Venture debt has been around since the 1970s, a time when a growing number of early stage companies needed computers, hardware, and other physical assets to grow their business. The challenge that these companies faced was that they often lacked the cash flows necessary to secure traditional debt financing. To get around this obstacle, a handful of lenders began offering equipment financing, which soon became known as venture leasing.

In the 1980s and early 1990s, Silicon Valley Bank (SVB) and a few other banks and boutique leasing firms arrived on the scene and expanded on venture leasing using a simple model. They began providing loans to startups that, while still light on cash flows, were generally heavy on IT equipment, provided that they were backed by reputable venture capital firms. Typically, they would secure those loans against the specific equipment being financed, assuming that existing equity investors would act as a backstop by continuing to fund the companies in future equity rounds. Not only that, the lenders were also careful to structure their loans to complement whatever equity the borrowers had already taken. 

From venture leasing to venture debt

Fast forward to the dotcom boom in the mid to late 1990s, and venture leasing really began to take off. As more and more tech companies started reaching astronomical valuations, a growing number of lenders decided to enter the market with a clear value proposition for prospective borrowers. Not only were they prepared to provide the debt financing that traditional banks weren’t comfortable offering, they would also help borrowers avoid the dilution they would otherwise suffer if they were completely equity financed.

Unfortunately, the challenge that many of these early venture debt lenders faced was that they didn’t know how to properly structure or underwrite these types of loans. That meant that they had to figure out how best to assess risk as they went. As a result, venture debt was often a disorganized and volatile form of lending. Plus, venture debt lenders could be aggressive, often demanding warrants of 8 to 12 percent of the total facility amount, which made the product relatively expensive. For any borrower looking to work with these lenders, it was often like navigating the Wild West. Not surprisingly, when the dotcom bubble finally burst, many venture debt lenders went under. 

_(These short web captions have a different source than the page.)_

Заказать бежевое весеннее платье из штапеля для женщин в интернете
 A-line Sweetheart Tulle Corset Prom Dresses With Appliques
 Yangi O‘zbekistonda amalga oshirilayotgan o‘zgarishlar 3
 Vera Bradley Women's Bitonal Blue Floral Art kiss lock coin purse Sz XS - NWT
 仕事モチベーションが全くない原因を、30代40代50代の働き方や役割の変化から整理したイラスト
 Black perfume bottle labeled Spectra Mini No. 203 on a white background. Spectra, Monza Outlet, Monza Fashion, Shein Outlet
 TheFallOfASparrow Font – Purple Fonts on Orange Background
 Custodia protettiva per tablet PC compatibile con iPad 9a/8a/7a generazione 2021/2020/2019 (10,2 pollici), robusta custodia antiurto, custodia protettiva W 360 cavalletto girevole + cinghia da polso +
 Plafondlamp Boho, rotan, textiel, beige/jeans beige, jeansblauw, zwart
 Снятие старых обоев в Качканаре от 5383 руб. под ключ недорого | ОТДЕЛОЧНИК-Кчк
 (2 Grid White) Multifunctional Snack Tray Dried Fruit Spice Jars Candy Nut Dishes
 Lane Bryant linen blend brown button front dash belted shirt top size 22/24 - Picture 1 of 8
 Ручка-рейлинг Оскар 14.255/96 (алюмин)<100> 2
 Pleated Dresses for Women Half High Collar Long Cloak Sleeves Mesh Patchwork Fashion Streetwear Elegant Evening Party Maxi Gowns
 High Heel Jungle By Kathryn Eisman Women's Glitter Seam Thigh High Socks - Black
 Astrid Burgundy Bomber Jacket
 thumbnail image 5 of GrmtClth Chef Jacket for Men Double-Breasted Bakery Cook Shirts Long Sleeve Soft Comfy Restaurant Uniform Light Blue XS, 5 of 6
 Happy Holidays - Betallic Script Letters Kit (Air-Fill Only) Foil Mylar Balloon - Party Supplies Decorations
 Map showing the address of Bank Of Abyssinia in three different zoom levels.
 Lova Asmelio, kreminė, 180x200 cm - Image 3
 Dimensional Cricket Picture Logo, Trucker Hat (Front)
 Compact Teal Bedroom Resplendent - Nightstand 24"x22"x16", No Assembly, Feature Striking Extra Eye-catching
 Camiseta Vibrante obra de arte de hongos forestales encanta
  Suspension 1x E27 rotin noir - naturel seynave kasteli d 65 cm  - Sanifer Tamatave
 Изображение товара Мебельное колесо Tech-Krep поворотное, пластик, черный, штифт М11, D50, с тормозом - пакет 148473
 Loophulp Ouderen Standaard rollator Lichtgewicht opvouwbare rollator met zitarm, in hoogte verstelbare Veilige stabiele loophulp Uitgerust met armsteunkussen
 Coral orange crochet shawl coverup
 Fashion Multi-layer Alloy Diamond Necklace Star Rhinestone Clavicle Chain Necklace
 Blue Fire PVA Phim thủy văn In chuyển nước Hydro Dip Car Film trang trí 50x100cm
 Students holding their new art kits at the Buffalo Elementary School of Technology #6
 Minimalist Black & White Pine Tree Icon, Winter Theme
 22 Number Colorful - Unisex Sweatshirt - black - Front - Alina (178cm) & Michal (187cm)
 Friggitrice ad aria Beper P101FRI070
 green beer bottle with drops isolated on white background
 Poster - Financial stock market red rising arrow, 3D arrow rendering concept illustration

In the years that followed, the industry began to migrate to enterprise value loans, (i.e., loans that are secured by all of the borrower’s assets and not just their IT equipment), thus beginning the shift from venture leasing to venture debt. One of the big reasons for this shift was the emergence of application service providers, and later SaaS (software as a service) and cloud computing, which dramatically changed the cost equation for building and operating software, while also making their revenues and business models more predictable. 

Attracted by the opportunity to work with these higher-quality businesses, venture debt lenders began popping up around the United States and overseas.

Venture debt matures

It wasn’t until after the global financial crisis in 2008 that the modern venture debt market we know today began to emerge. An array of new market entrants created competition, which had the effect of raising the overall sophistication of the market. Over time, brokers also entered the market, which had a network effect and resulted in the further professionalization of the industry. 

As a result, venture debt lenders began acting more like traditional lenders by, for example, only offering terms that were market, and starting to care more about their reputation in the industry. Eventually, venture debt began to mirror asset-based and middle-market lending and became known for its clean and predictable underwriting process and for creating deals that truly benefit borrowers. Over time, the industry has also become far more specialized with sub-verticals (such as healthcare and technology) with dedicated teams, and different types of loans and credit policies to serve these sub-verticals.

Today, venture debt represents between 10 and 15 percent of the total venture market. The number of lenders has also increased significantly, which makes choosing the right debt lender increasingly important. Experienced lenders that have a longer track record of successfully underwriting and pricing transactions are the ones best positioned to structure mutually beneficial deals that deliver the business outcomes today’s borrowers seek.

Of course, the best venture debt lenders don’t just provide capital or help you avoid dilution. They’re also true partners who support borrowers by helping to facilitate additional financing, and making introductions to investment banks and strategic and financial buyers for potential M&A events. Increasingly, the best lenders are also using sophisticated analytics to help tech companies analyze their business and achieve better financial results.

Picking the right partner for the future

Over the course of many years, venture debt has become a proven and predictable source of capital for many healthcare and technology companies. Today, it’s a financing option that founders and CEOs should consider almost any time that they’re raising capital. 

It’s important to note that the number of firms offering venture debt solutions has grown considerably over the last 20 years. As such, borrowers need to take care to partner with those that truly understand their industry and have been operating in this space for a long time.  Finding a firm that takes the time to understand a business prior to lending, and that has the experience to draw upon during challenging times like these, will be crucial to the ultimate success of any venture debt financing relationship.